The entries that follow should be reproduced exactly, with no images carried over.

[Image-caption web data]
★ ★ ★

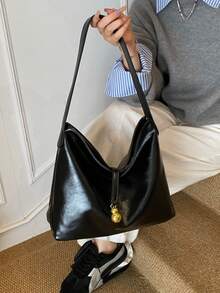 Fashionable New Women's One Shoulder Crescent Bag, Retro Tote Bag, Minimalist Chic Solid Color PU Leather, Versatile For Travel, Shopping, Commuting, Elegant Handbag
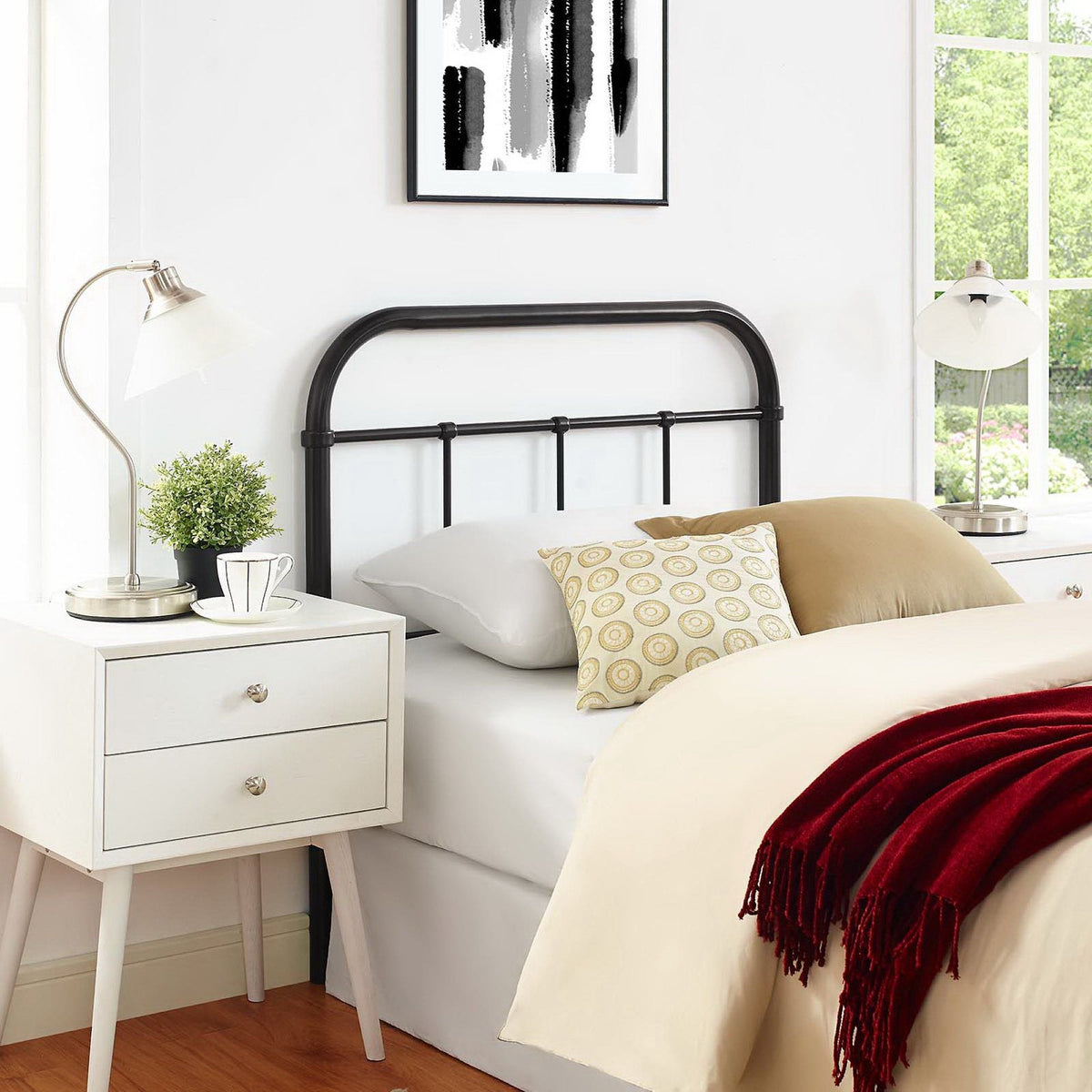 Serena Steel Headboard - Twin, Brown
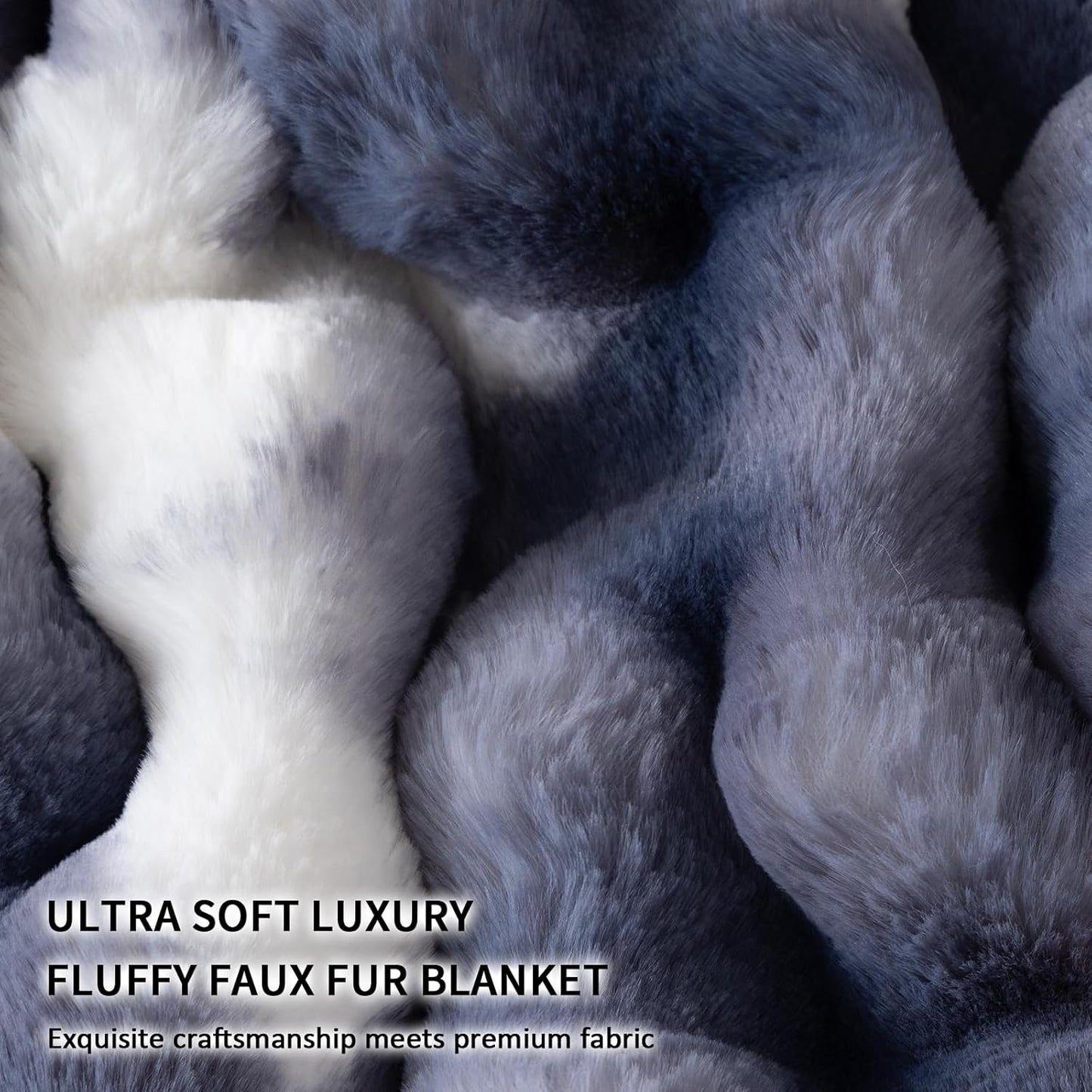 Cozy Faux Fur Throw Blanket for Couch-Warm Fuzzy Throw Blanket, Soft Plush Thick Bubble Blankets for Bedroom and Living Room, Furry Luxury Blanket, 50 x 60,Tie-Dye Blue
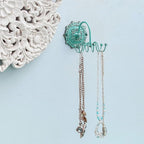 NIKKY HOME Wall Mounted Hooks Jewelry Organizer Rustic Hanging Vintage Decorative Shabby Chic Jewelry Storage Display Hanger 
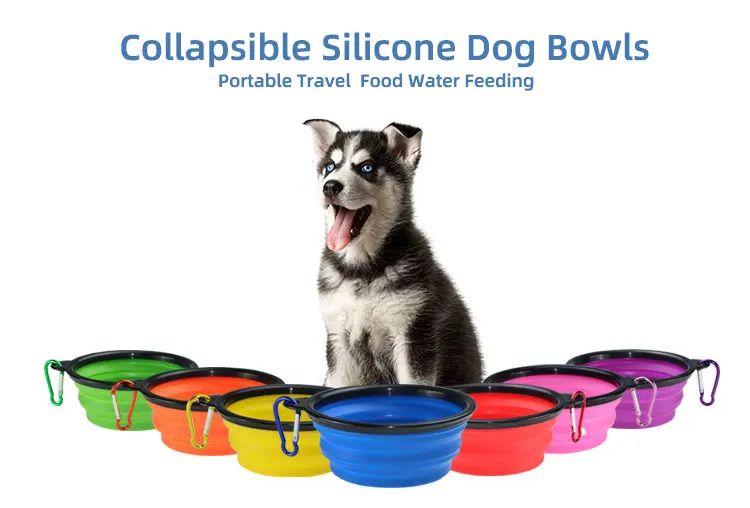 The Newest Weighted Dog Bowls Waterproof Pet Travel Bowl Double For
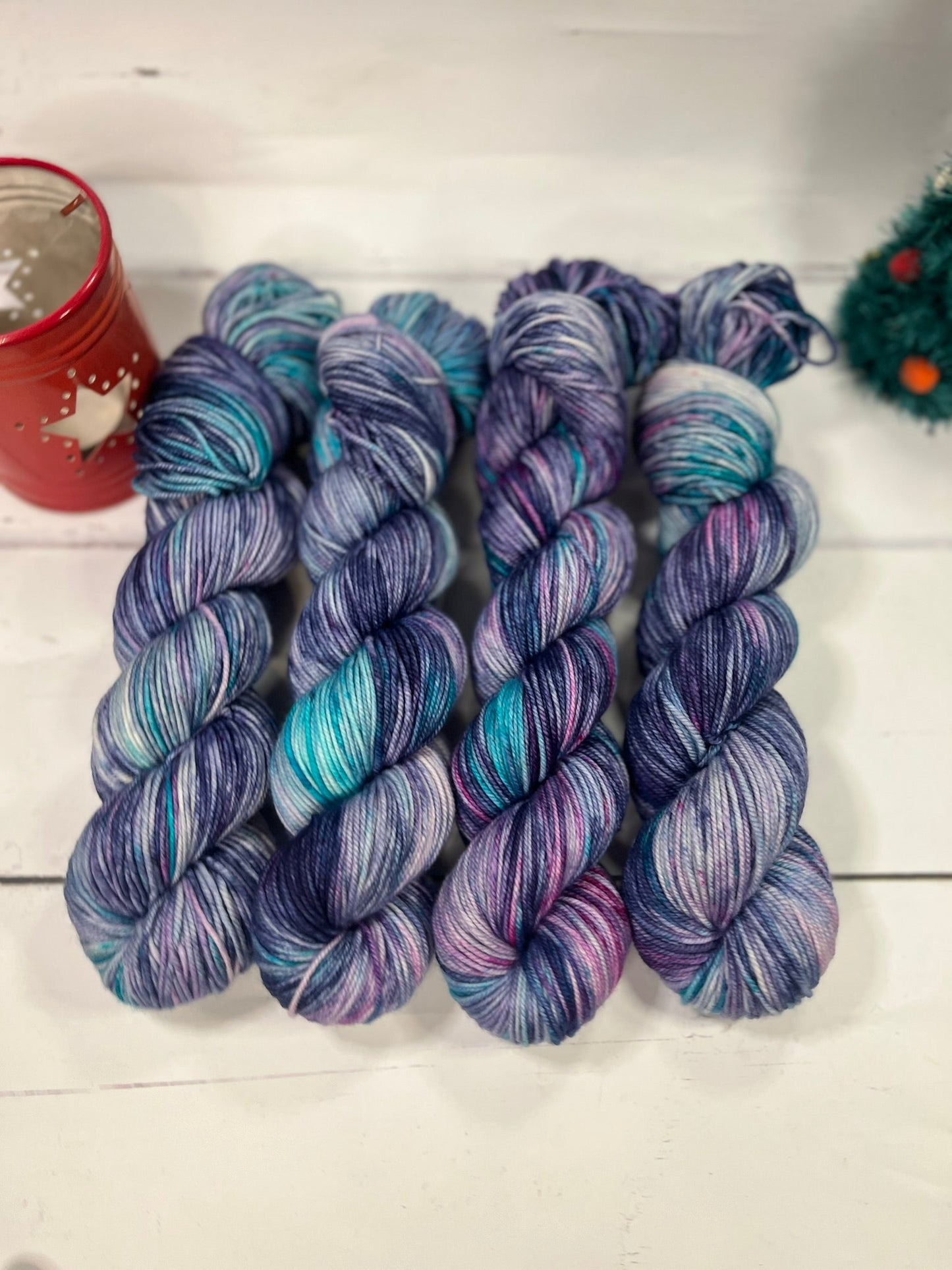 Northern Lights - Silver Sparkle DK - (Christmas Eve Box) - Hand Dyed Yarn - Ready to Ship
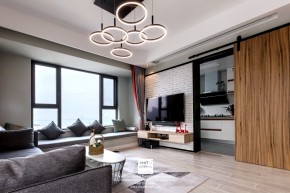 獨墅灣現代簡約三居室客廳裝修實景案例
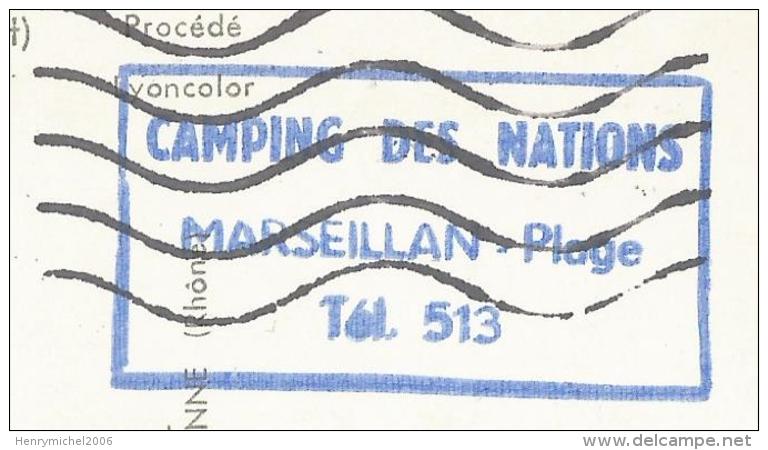 34 - Hérault - Le Grau D'agde Cachet Marcophilie Camping Des Nations Marsillan Plage 1967 - Agde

★ ★ ★

> **Response below**
 Fashionable New Women's One Shoulder Crescent Bag, Retro Tote Bag, Minimalist Chic Solid Color PU Leather, Versatile For Travel, Shopping, Commuting, Elegant Handbag
 Serena Steel Headboard - Twin, Brown
 Cozy Faux Fur Throw Blanket for Couch-Warm Fuzzy Throw Blanket, Soft Plush Thick Bubble Blankets for Bedroom and Living Room, Furry Luxury Blanket, 50 x 60,Tie-Dye Blue
 NIKKY HOME Wall Mounted Hooks Jewelry Organizer Rustic Hanging Vintage Decorative Shabby Chic Jewelry Storage Display Hanger 
 The Newest Weighted Dog Bowls Waterproof Pet Travel Bowl Double For
 Northern Lights - Silver Sparkle DK - (Christmas Eve Box) - Hand Dyed Yarn - Ready to Ship
 獨墅灣現代簡約三居室客廳裝修實景案例
 34 - Hérault - Le Grau D'agde Cachet Marcophilie Camping Des Nations Marsillan Plage 1967 - Agde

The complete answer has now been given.